Food premises hygiene best practices
There are a number of best practices that are outlined in relevant legislation and can be followed to maintain best practice, therefore enabling you to provide safe, healthy food to your customers. Following the guidance enables you to prevent the spread of harmful bacteria and contaminants that can cause foodborne illness.
Some of the main areas are covered below:
Cleaning of food premises
Some key practices for cleaning food premises are:
- Develop a cleaning schedule that outlines what needs to be cleaned, how often, and by whom. This schedule should take into account the type of food business, the volume of food prepared or sold, and any relevant regulations or guidelines.
- Use cleaning products that are appropriate for the task at hand. This may include general-purpose cleaners, sanitizers, and disinfectants. Always follow the manufacturer’s instructions for use, including dilution rates, contact times, and safety precautions.
- Food contact surfaces, such as cutting boards, utensils, and equipment, must be cleaned and sanitised regularly to prevent cross-contamination. Use a food-grade sanitizer and follow the manufacturer’s instructions for use.
- Non-food contact surfaces, such as floors, walls, and ceilings, must also be cleaned regularly to prevent the buildup of dirt and grime. Use a general-purpose cleaner and follow the manufacturer’s instructions for use.
- Equipment, such as ovens, grills, and fryers, must be cleaned and sanitised regularly to prevent the buildup of grease and food debris. Follow the manufacturer’s instructions for cleaning and sanitising, and ensure that all parts are thoroughly cleaned.
- Storage areas, such as refrigerators, freezers, and dry storage, must be cleaned regularly to prevent the buildup of dirt, dust, and mould. Remove all items and clean the shelves, walls, and floors using a general-purpose cleaner.
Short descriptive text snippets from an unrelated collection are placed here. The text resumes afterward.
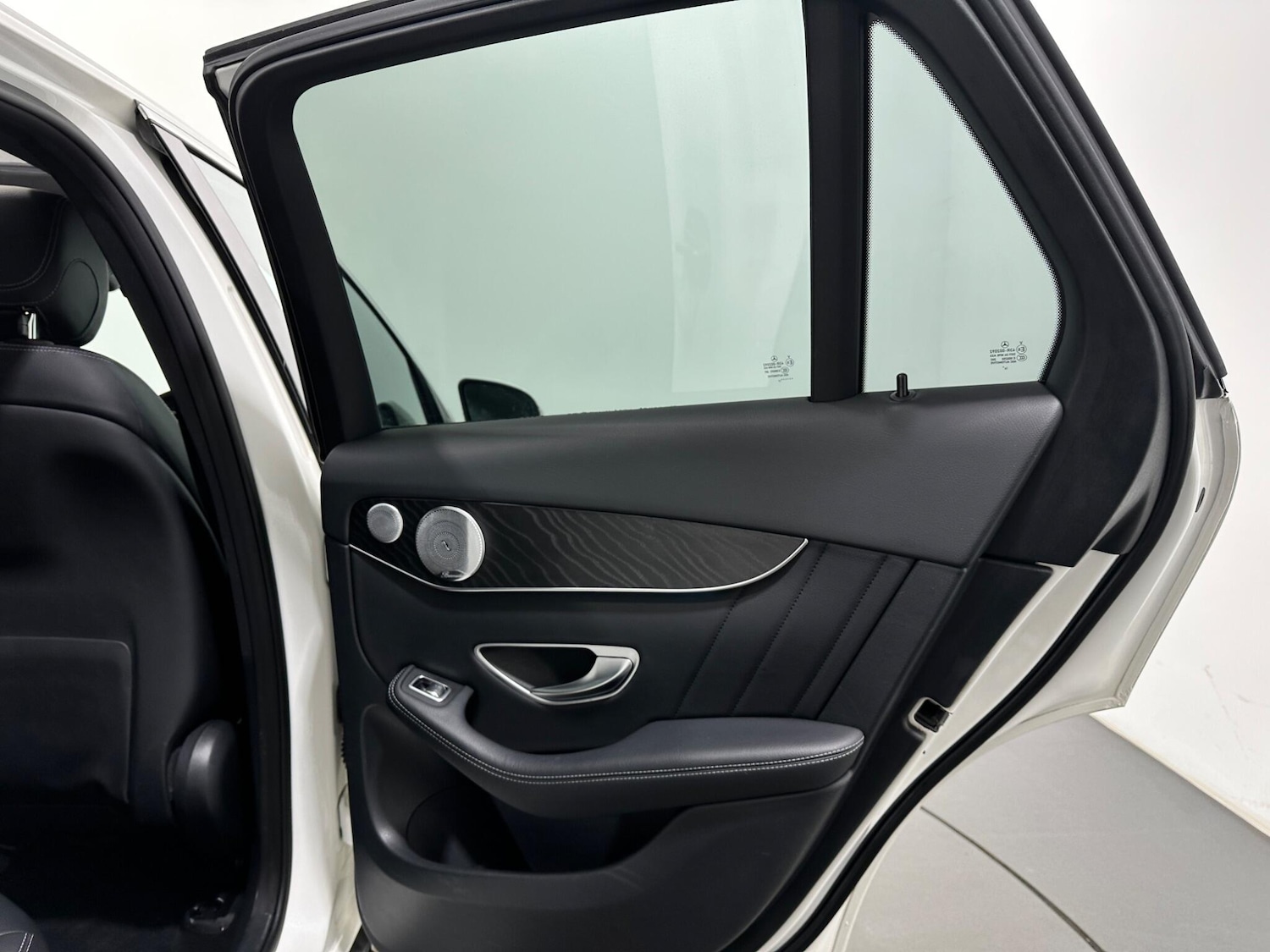 Used Mercedes-Benz GLC 2017 for sale - 77709887: Photo 45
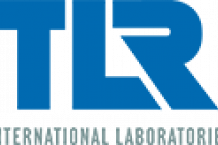 TLR logo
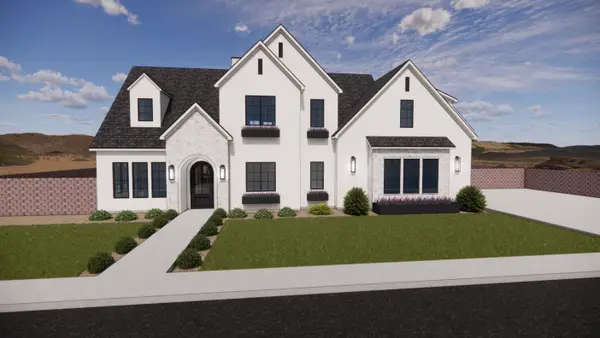 1665 Belayer Dr, St George, UT 84770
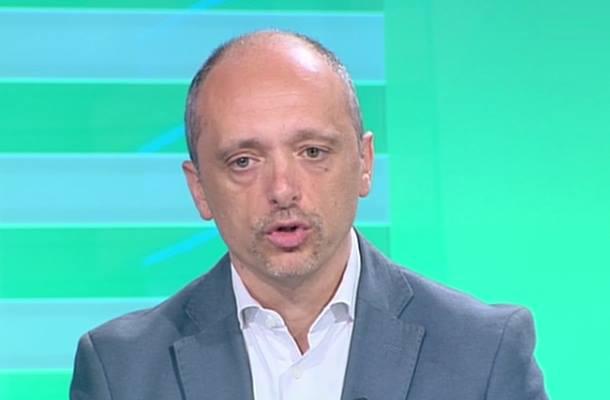 Capuano tuona: "Troppe critiche verso quella squadra, sta tirando fuori il 100%"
- Toilets must be cleaned and sanitised regularly to prevent the spread of germs and bacteria. Use a general-purpose cleaner and follow the manufacturer’s instructions for use.
Food safety when cooking
To ensure food safety when cooking:
- Wash your hands with soap and warm water before handling food and after handling raw meat, poultry, fish, or eggs. Keep all surfaces and utensils clean, and use separate cutting boards and utensils for raw and cooked food.
- Keep all perishable food refrigerated or frozen until you are ready to use it. Keep raw meat, poultry, fish, and eggs separate from other foods in the refrigerator.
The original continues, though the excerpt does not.